To do:
Leave out the pictures, and print exactly the lines from the one holding "Papel A4 AZUL 100 Hojas 80gr" through the last line of the material.

Data provided:
__________________________________________________

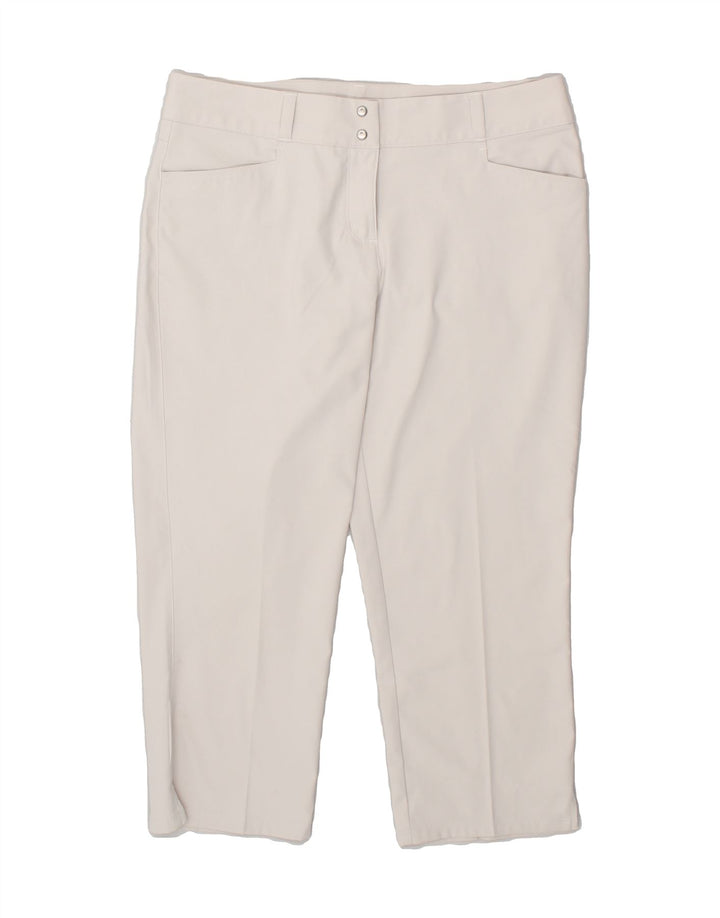 ADIDAS Womens Straight Capri Trousers UK 12 Medium W32 L22 White Polyester Vintage Adidas and Second-Hand Adidas from Messina Hembry 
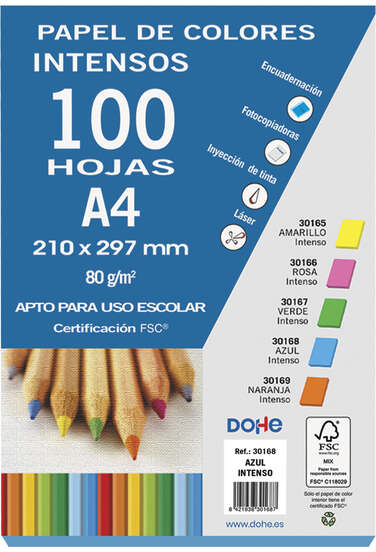 Papel A4 AZUL 100 Hojas 80gr 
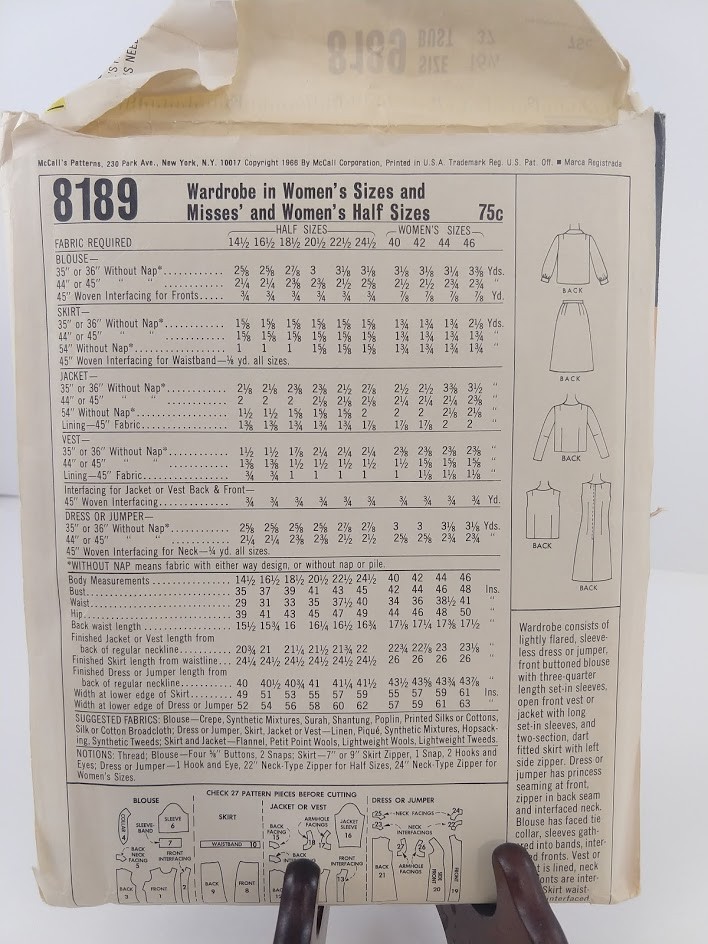 Vintage McCall's Sewing Pattern 8189 Misses & Women's Wardrobe SZ 16.5 1966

__________________________________________________

Answer section:
 Papel A4 AZUL 100 Hojas 80gr 
 Vintage McCall's Sewing Pattern 8189 Misses & Women's Wardrobe SZ 16.5 1966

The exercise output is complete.